[Exercise goal]
Below are the entries. Print only the lines starting at the one with "Minimalist Rehearsal Dinner" and ending at the one with "Multi-Stone Circular Stud Earrings", exactly, with no pictures.

[Study material]
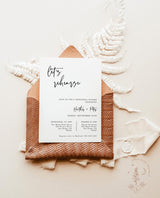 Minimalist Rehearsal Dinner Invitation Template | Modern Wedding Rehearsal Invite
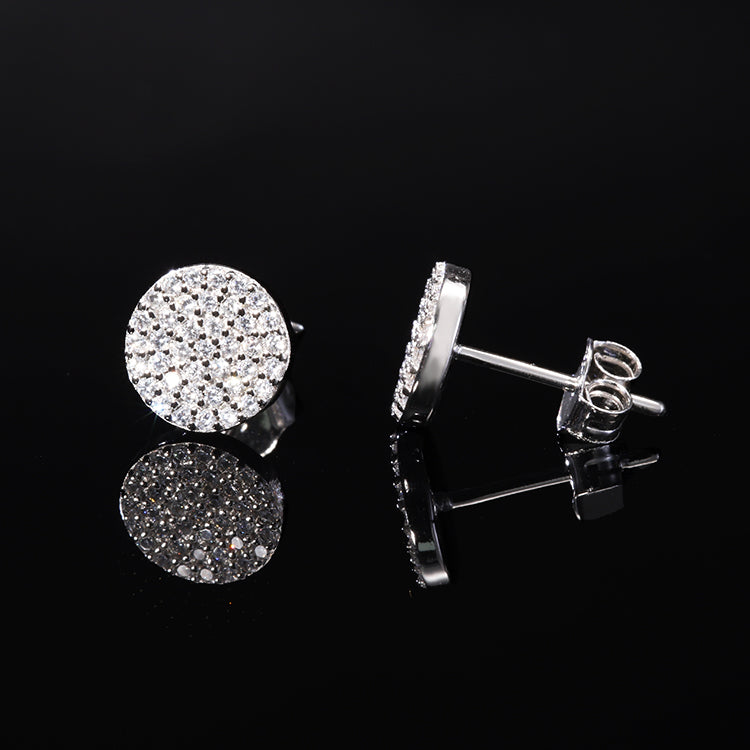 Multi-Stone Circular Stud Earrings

---

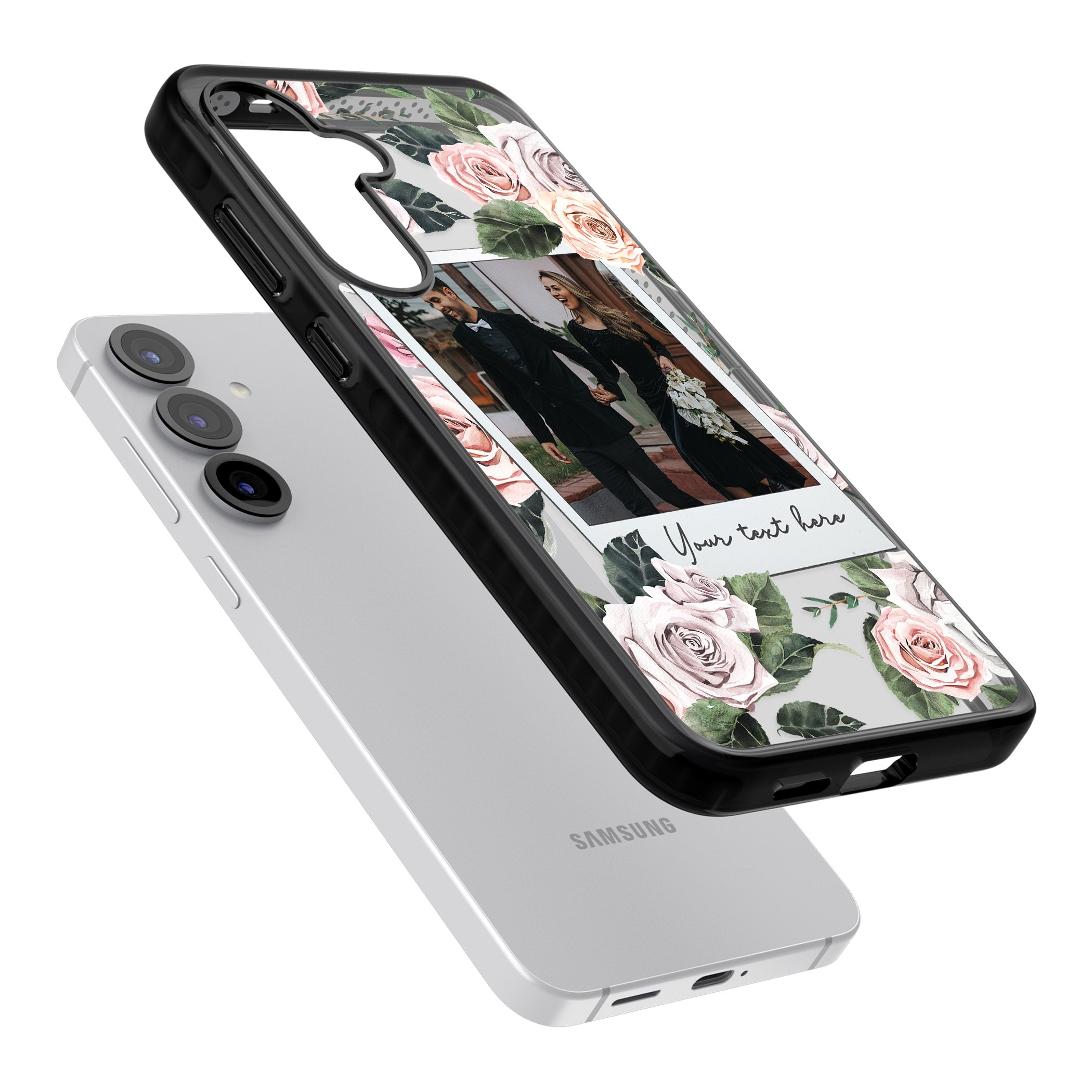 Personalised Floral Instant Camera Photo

[Output below]
 Minimalist Rehearsal Dinner Invitation Template | Modern Wedding Rehearsal Invite
 Multi-Stone Circular Stud Earrings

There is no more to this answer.